§ **Supplied data**
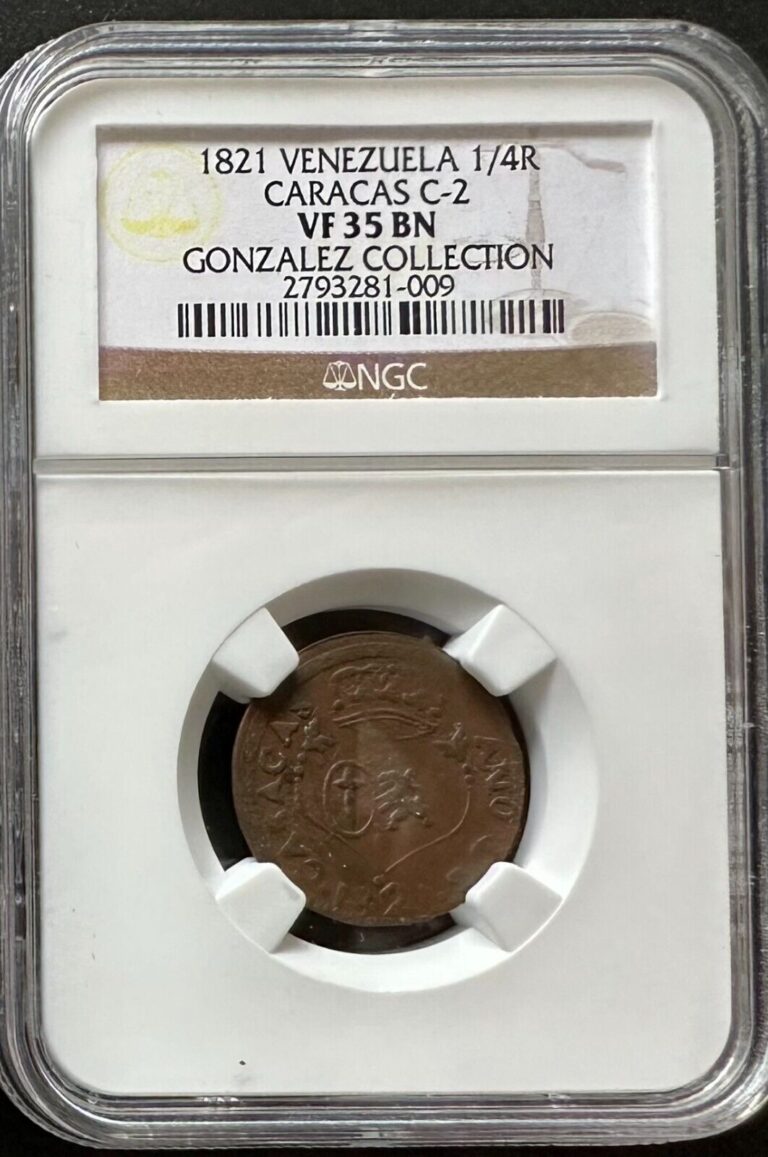 Read more about the article VENEZUELA   1821  –  1 /4 REAL  CARACAS  C-2  –  VF35 BN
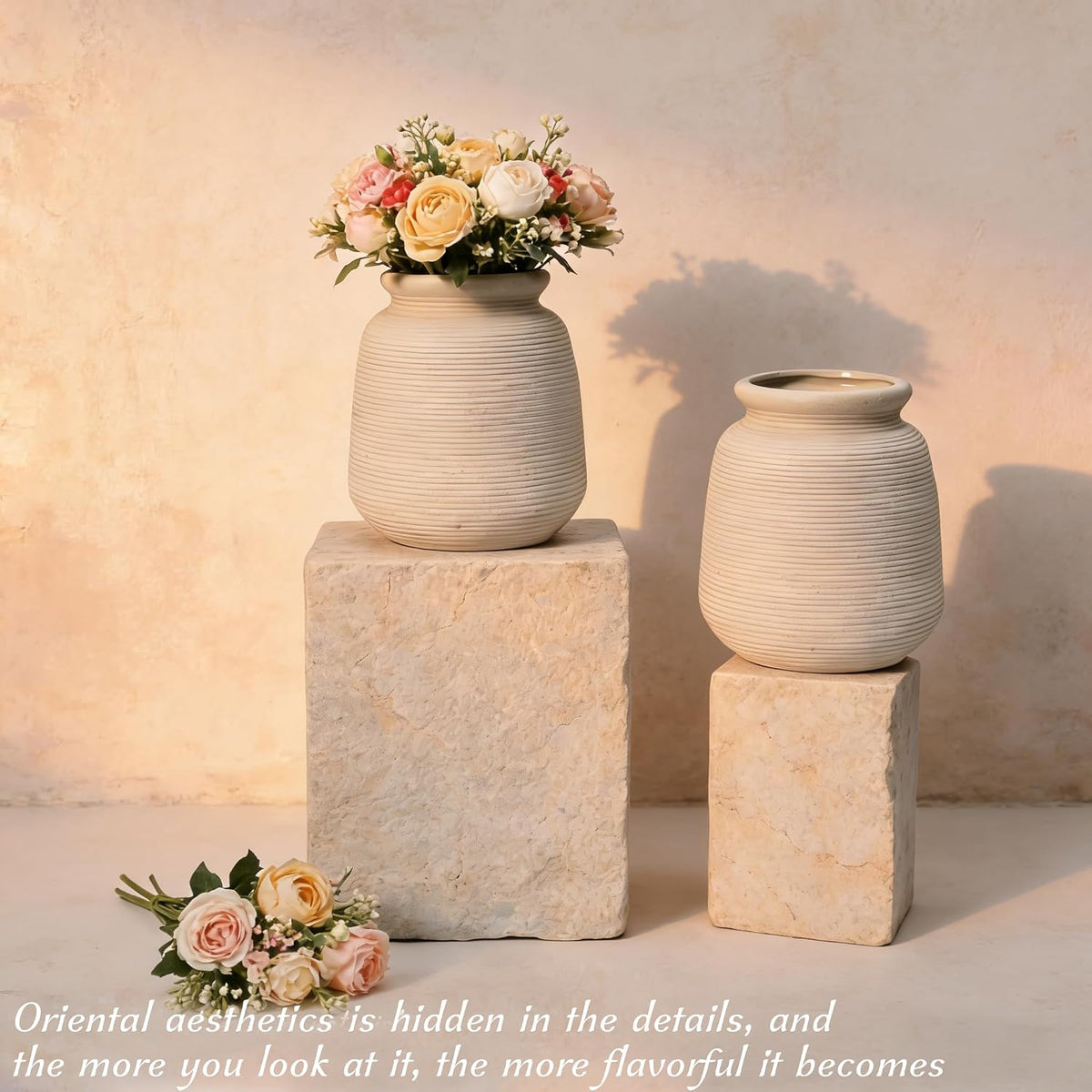 Ceramic Vase Set of 2 Ribbed Matte Rustic Farmhouse Decor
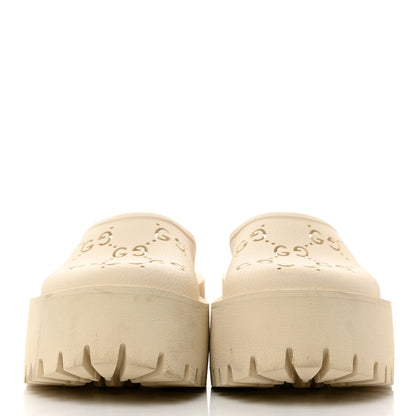 Gucci Rubber GG Monogram Perforated Elea Platform 55mm Lug Sole Sandals 36 Mystic White 2 of 9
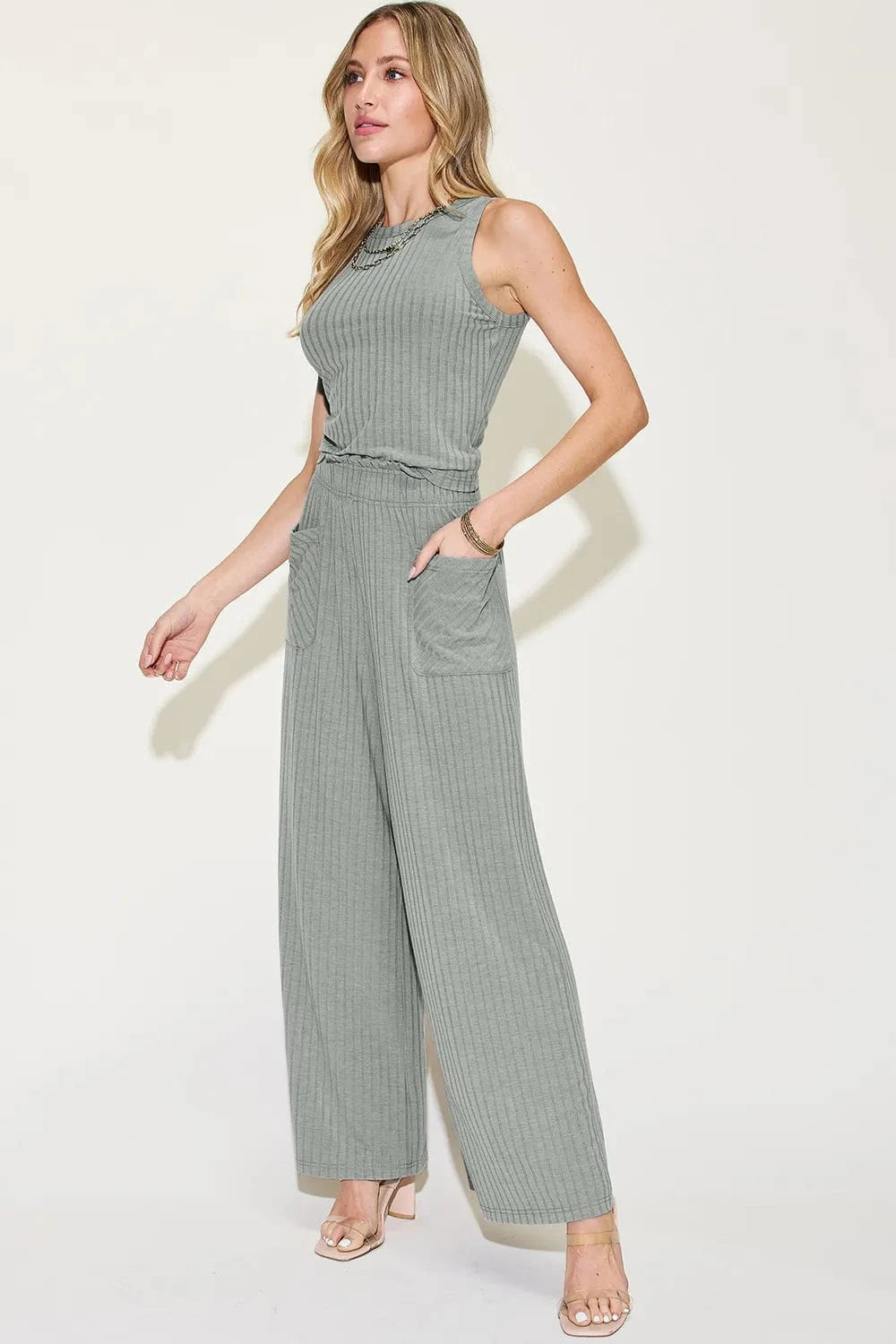 Basic Bae Full Size Ribbed Tank and Wide Leg Pants Set - Demented Sisters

§ **Problem to solve**
Repeat the data exactly as written, but without the pictures.

§ **Written response**
 Read more about the article VENEZUELA   1821  –  1 /4 REAL  CARACAS  C-2  –  VF35 BN
 Ceramic Vase Set of 2 Ribbed Matte Rustic Farmhouse Decor
 Gucci Rubber GG Monogram Perforated Elea Platform 55mm Lug Sole Sandals 36 Mystic White 2 of 9
 Basic Bae Full Size Ribbed Tank and Wide Leg Pants Set - Demented Sisters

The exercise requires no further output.